■ What the task requires ■
Find the line below with "Here is the" and the line with "Any other questions". Output them and the lines between, exactly, but not the pictures.

■ Extracted data ■
......

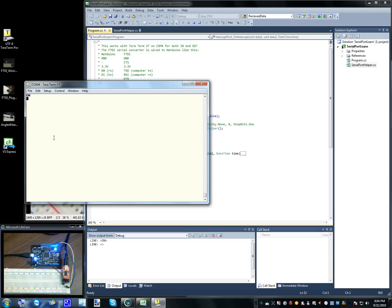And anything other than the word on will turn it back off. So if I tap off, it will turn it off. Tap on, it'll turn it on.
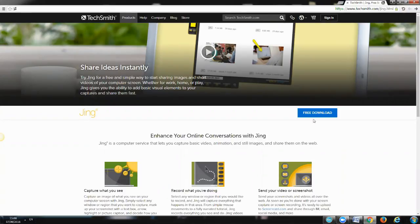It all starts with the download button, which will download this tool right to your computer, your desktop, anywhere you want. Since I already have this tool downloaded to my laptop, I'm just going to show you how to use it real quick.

......

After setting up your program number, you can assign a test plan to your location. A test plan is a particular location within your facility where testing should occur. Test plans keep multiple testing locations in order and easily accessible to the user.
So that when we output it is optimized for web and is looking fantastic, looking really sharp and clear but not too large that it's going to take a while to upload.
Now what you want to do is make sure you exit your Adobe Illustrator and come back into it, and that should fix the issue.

......

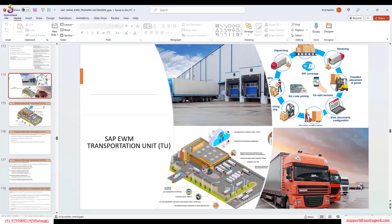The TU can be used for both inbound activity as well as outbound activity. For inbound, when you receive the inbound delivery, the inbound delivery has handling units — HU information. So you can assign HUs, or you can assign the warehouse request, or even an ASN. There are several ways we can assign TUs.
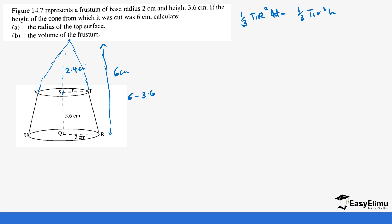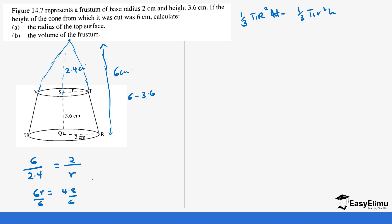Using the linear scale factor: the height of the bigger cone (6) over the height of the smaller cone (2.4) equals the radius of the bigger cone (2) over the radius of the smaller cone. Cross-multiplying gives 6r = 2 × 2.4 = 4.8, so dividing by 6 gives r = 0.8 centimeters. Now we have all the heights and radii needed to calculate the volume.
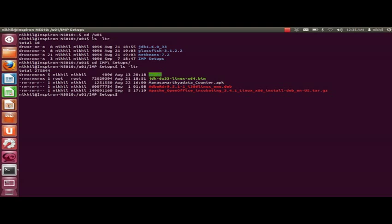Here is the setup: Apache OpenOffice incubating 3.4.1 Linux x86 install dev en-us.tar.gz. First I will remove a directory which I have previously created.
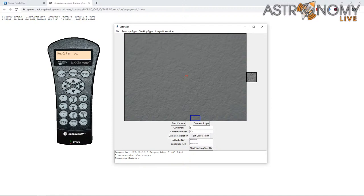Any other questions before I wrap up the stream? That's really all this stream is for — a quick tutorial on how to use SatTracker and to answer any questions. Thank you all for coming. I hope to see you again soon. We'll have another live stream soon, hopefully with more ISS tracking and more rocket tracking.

......

■ Response to this task ■
Here is the setup: Apache OpenOffice incubating 3.4.1 Linux x86 install dev en-us.tar.gz. First I will remove a directory which I have previously created.
Any other questions before I wrap up the stream? That's really all this stream is for — a quick tutorial on how to use SatTracker and to answer any questions. Thank you all for coming. I hope to see you again soon. We'll have another live stream soon, hopefully with more ISS tracking and more rocket tracking.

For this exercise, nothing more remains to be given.